Une exposition à ne pas manquer


Le Lumu, Ludwig Museum of Contemporary Art, de Budapest, sis dans le vaste complexe du Palais des Arts au bord du Danube, présente jusqu'au 11 octobre prochain, une grande rétrospective Robert Capa avec 985 clichés du célèbre photographe. Rachetés par le Musée National Hongrois au Centre International de Photographie de New York, fondé en 1974 par Cornell Capa, son frère cadet, ils furent pris notamment pendant la guerre civile espagnole, au front durant la Seconde Guerre mondiale, lors de la naissance de l’Etat d’Israël et au cours de la guerre d’Indochine où il mourut d'ailleurs tragiquement entre Namdinh à Thaibinh le 25 mai 1954 en sautant sur une mine. Figurent aussi dans cette exposition une cinquantaine de portraits d’artistes tels Picasso, Gary Cooper, Ingrid Bergman, Alfred Hitchcock ou John Steinbeck…
Endre Ernő Friedmann naquit le 22 octobre 1913 à Budapest, il fut d'abord correspondant de l'agence Dephot fondée à Berlin en 1928, et s'installe à Paris en 1933 avant d'émigrer aux USA en 1939. A Paris, il avait rencontré le grand amour de sa vie, Gerda Pohorylle née à Stuttgart le 1er août 1910 dans une famille juive originaire de Galicie, elle aussi photographe. En 1935, ils attirèrent l'attention sur eux en prenant des pseudonymes hollywoodiens, Robert Capa et Gerda Taro, clin d'oeil au réalisateur Frank Capra et à la sublime Greta Garbo. Celui qui sera certainement le plus grand photographe de guerre du XXe siècle fit ses classes en Espagne durant la guerre civile. Gerda Taro y mourra d'ailleurs, à l'hôpital de l'Escorial le 28 juillet 1937 après avoir été écrasée la veille par un char républicain lors de la bataille de Brunete.

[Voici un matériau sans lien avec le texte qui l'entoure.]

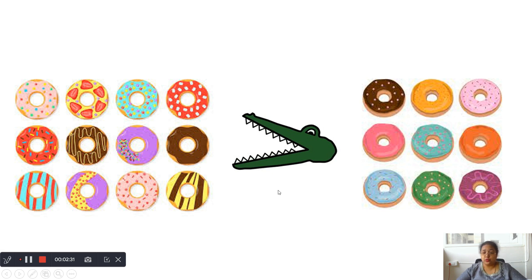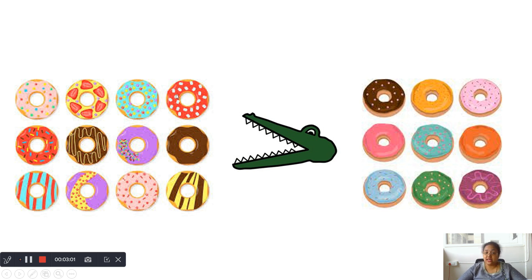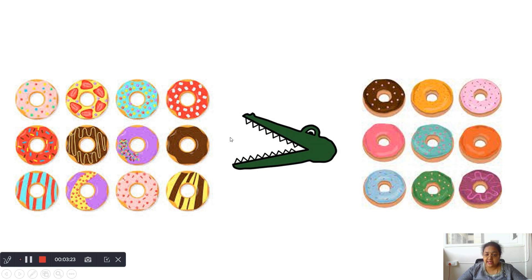Oh my God, colorful donuts! See how many donuts are there on this side — come on, count and tell me. Let us count together: 1, 2, 3, 4, 5, 6, 7, 8, 9, 10, 11, 12 yummy donuts on the left side. On the right side: 1, 2, 3, 4, 5, 6, 7, 8, 9. So 12 donuts are greater than 9 donuts. 12 is greater than 9.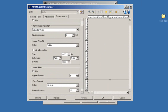This concludes the Kodak Perfect Page image processing features. Be sure to check out other Kodak SmartTouch application videos.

Son enterrement le 1er août au Père-Lachaise, donna lieu à une manifestation antifasciste. Capa partit alors "couvrir" la seconde guerre sino-japonaise. En 1947, il fonde avec David Seymour, Henri Cartier-Bresson et George Rodger la coopérative photographique Magnum. Tout le monde connaît son soldat républicain mortellement blessé ou ses images du débarquement sur les plages de Normandie aussi bien que les femmes tondues après la Libération et livrées à la vindicte publique. A propos de cette fameuse photo du républicain prise le 5 septembre 1936, on sait depuis longtemps que son authenticité fut souvent mise en doute, elle est soupçonnée d'être le résultat d'une mise en scène. Ces jours-ci encore, le journal catalan El Periódico revenait sur la question, soutenant que Capa avait photographié le soldat dans un endroit où il n'y avait pas eu de combat et citant maintes preuves à l'appui.

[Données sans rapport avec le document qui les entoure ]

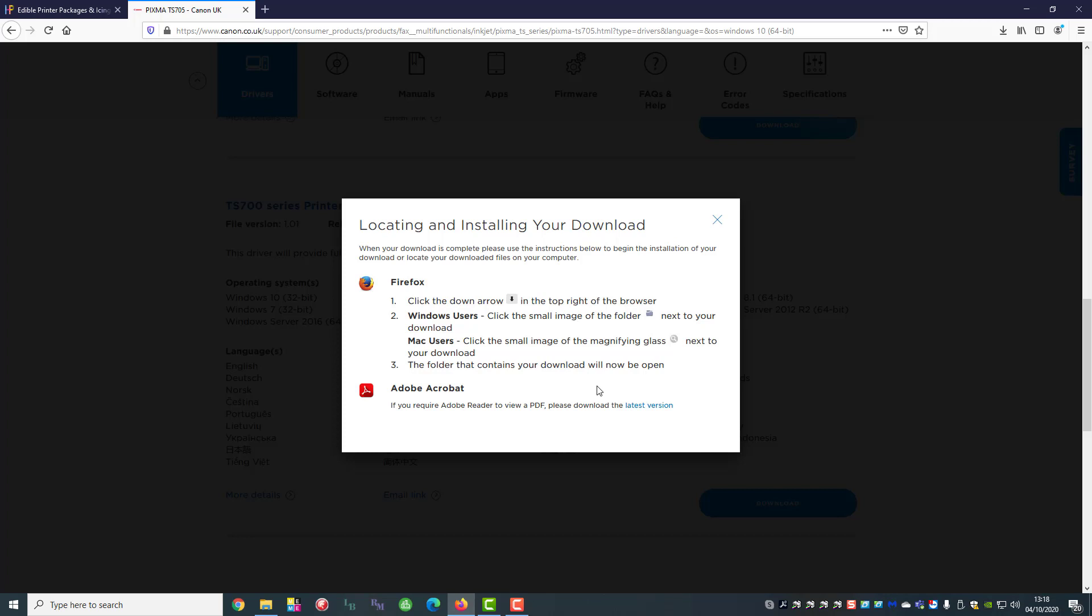So now it's going through the process of making sure everything is correct. This will give you access to all the print controls and all the maintenance etc. so you can do head cleans so it is important that you go through this.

Un mythe qui ne fait plus recette

Avant la chute du bloc communiste le jeans était un vêtement chargé de symbole, il était la matérialisation de ce que représentait le monde occidental vu de Moscou, Sofia ou Varsovie. On était prêt à tout pour s'en procurer un. Le porter vous différenciait des autres et on l'achetait sur place à des prix exorbitants si on n'avait pas la chance de se l'être procuré lors d'un voyage ou qu'on vous l'ait offert. Un homme d'affaires hongrois rappelle que ses premiers jeans, italiens de la marque Cassuci, lui furent offerts en 1985 par sa grand-mère, elle les avait payés 1 500 forints, sa propre mère n'en gagnait que 4 500... C'était l'époque où les routiers venant de l'étranger en dissimulaient dans leur cargaison avec l'intention de les revendre au prix fort.

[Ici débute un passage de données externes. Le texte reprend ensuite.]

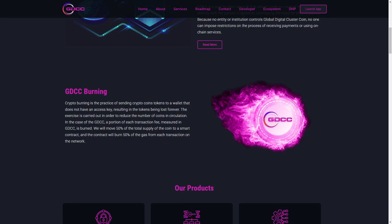Some of you might know it, but I am aware that not everyone is experienced with crypto. Some of you just started, so it's also really cool from GDCC to explain everything. Crypto burning is a practice of sending crypto coin tokens to a wallet that does not have an access key, resulting in the tokens being lost forever.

En 1978, en Hongrie qui passait, rappelons-le, pour être la baraque la plus gaie du camp socialiste, il fut décidé de le fabriquer sous la marque «Trapper». Il s'en vendit plus d'un million entre 1980 et 1981. L'arrivée de la marque Lee lui causa quelque tort. Le fabricant de ces jeans hongrois en vend cependant encore dans l'unique boutique qui subsiste à Budapest près du ministère des Affaires étrangères.
Par la suite, Levi Strauss établit une usine à Kiskunhalas, ville de quelque 30 000 habitants à 130 km sud de Budapest, dans le département de Bács-Kiskun. Après de nombreuses négociations menées depuis plusieurs mois, le groupe Tamas Torba Levi Strauss l'a fermée fin juin, licenciant ainsi 549 ouvriers. La surproduction et une baisse de la demande en sont la cause, la situation économique internationale n'arrangeant rien. Le groupe possède par ailleurs deux usines en Pologne et en Turquie qui sont capables d'approvisionner le marché européen. O tempora ! O mores ! Il faut bien reconnaître que cette fermeture n'a guère suscité d'intérêt.